DIRECTIONS FOR THIS TASK: With the pictures removed, reproduce exactly the lines from the one that contains "Plus Size Women" through the last line of the entries below.

(MATERIAL PROVIDED)

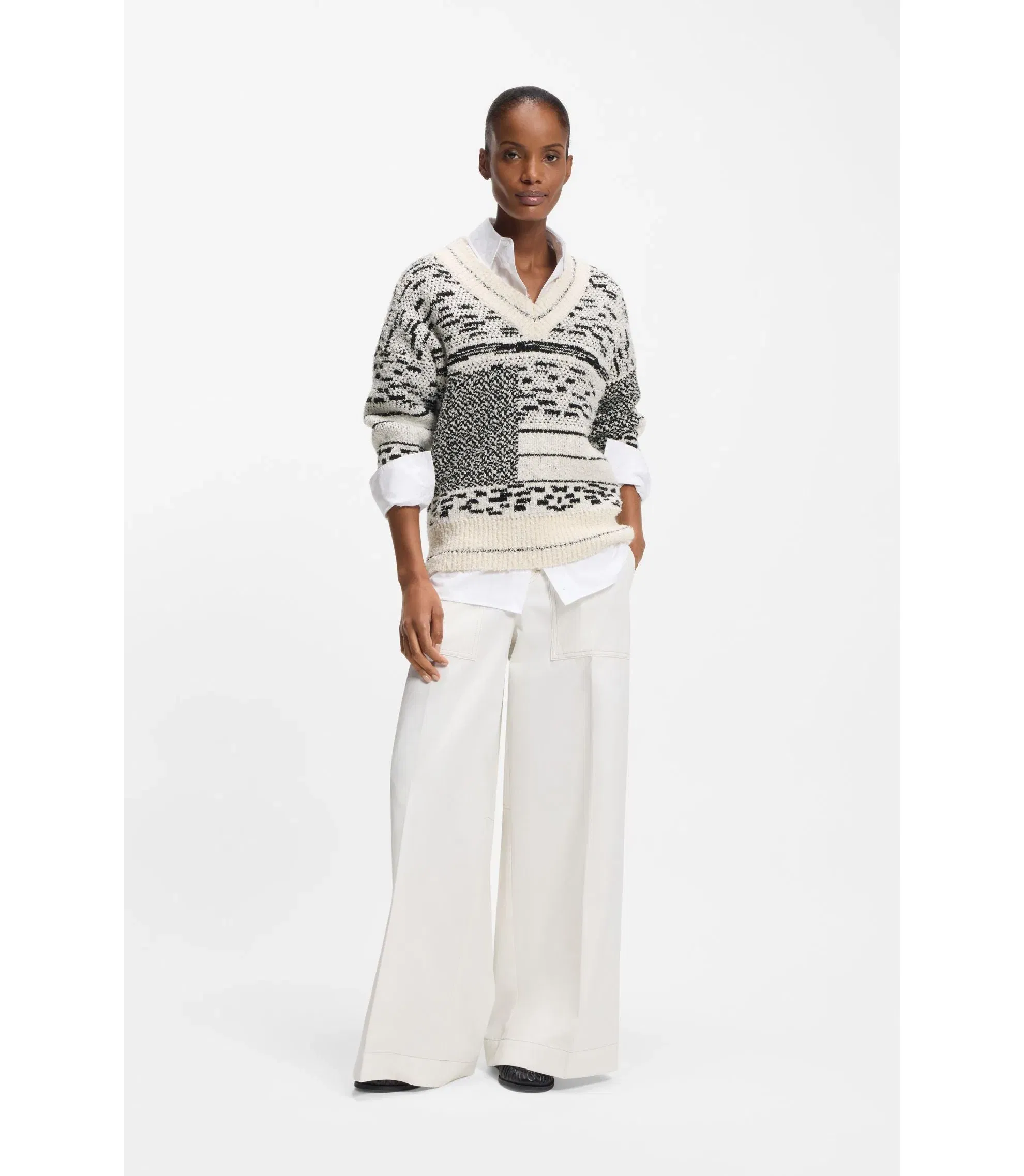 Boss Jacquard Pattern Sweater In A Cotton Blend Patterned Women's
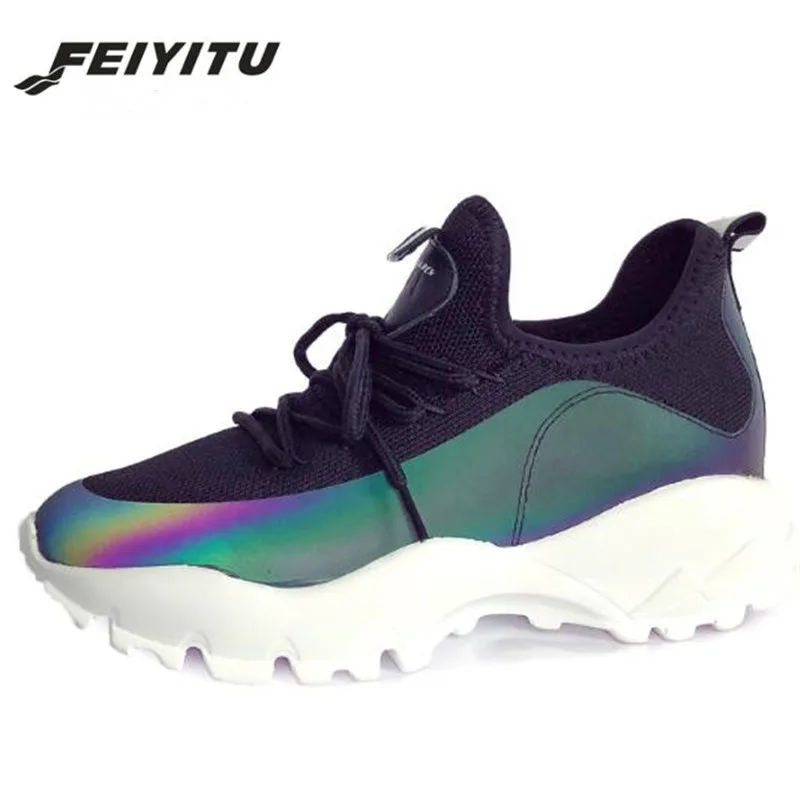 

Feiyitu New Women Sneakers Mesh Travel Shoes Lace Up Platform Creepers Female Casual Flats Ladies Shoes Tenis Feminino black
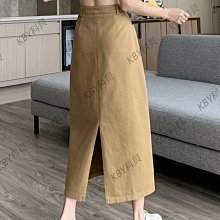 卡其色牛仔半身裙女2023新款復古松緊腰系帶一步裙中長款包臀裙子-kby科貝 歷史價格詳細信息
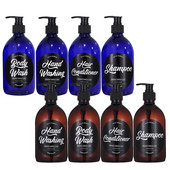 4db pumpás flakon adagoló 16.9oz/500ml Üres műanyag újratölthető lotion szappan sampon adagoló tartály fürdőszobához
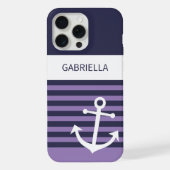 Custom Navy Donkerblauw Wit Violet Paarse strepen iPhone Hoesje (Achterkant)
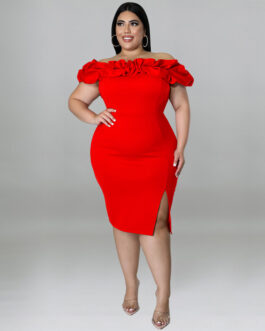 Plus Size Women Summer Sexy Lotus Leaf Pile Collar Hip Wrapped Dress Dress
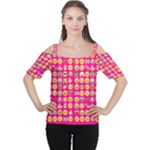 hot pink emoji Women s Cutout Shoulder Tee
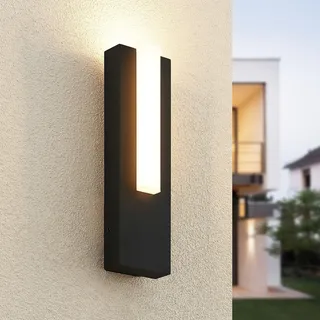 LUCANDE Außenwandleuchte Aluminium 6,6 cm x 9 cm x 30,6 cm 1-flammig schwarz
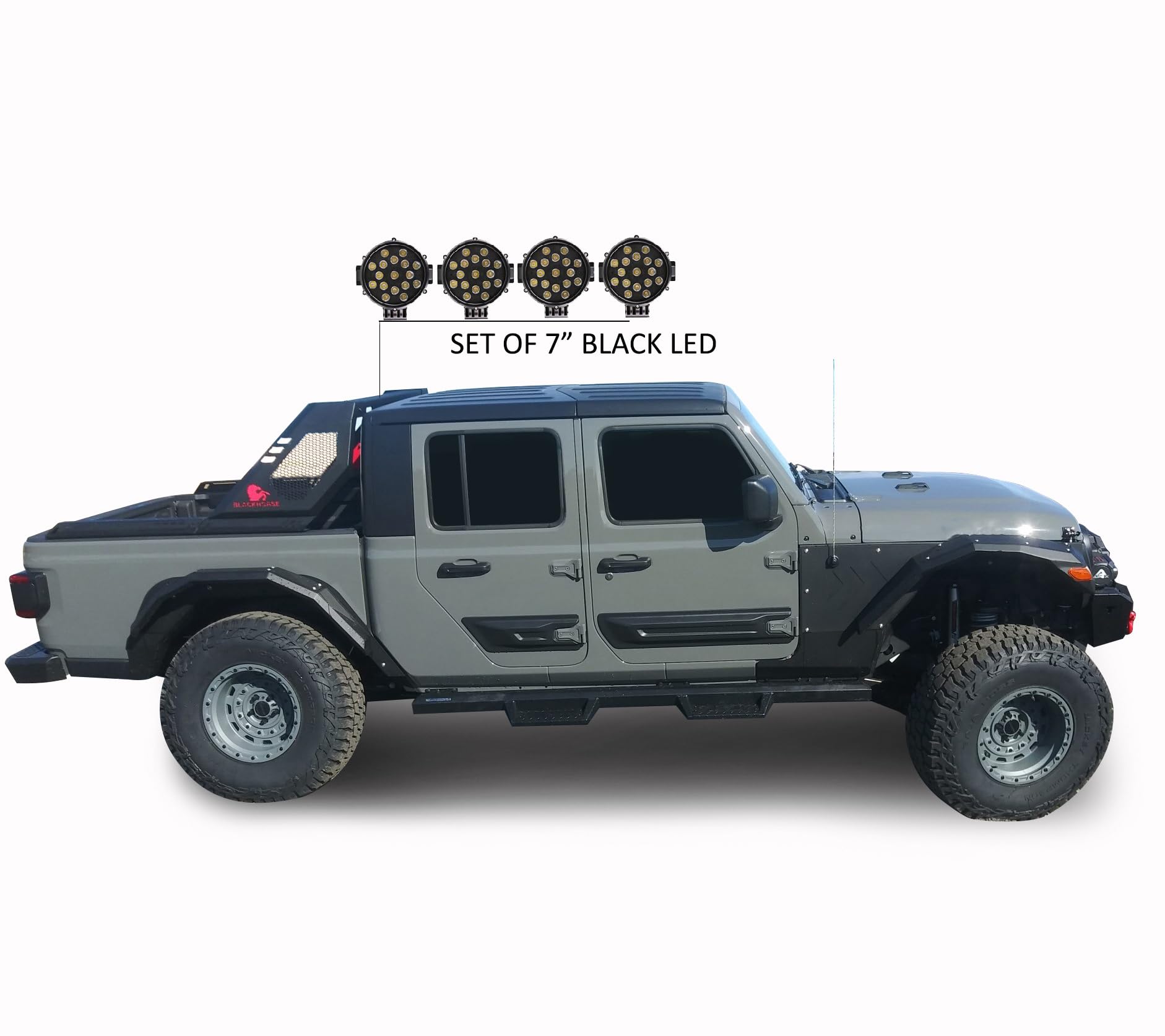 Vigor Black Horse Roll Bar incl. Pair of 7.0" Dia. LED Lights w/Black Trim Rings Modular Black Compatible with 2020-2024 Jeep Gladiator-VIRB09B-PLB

(End MATERIAL PROVIDED)

SOLUTION FOR THIS PROBLEM:
 Plus Size Women Summer Sexy Lotus Leaf Pile Collar Hip Wrapped Dress Dress
 hot pink emoji Women s Cutout Shoulder Tee
 LUCANDE Außenwandleuchte Aluminium 6,6 cm x 9 cm x 30,6 cm 1-flammig schwarz
 Vigor Black Horse Roll Bar incl. Pair of 7.0" Dia. LED Lights w/Black Trim Rings Modular Black Compatible with 2020-2024 Jeep Gladiator-VIRB09B-PLB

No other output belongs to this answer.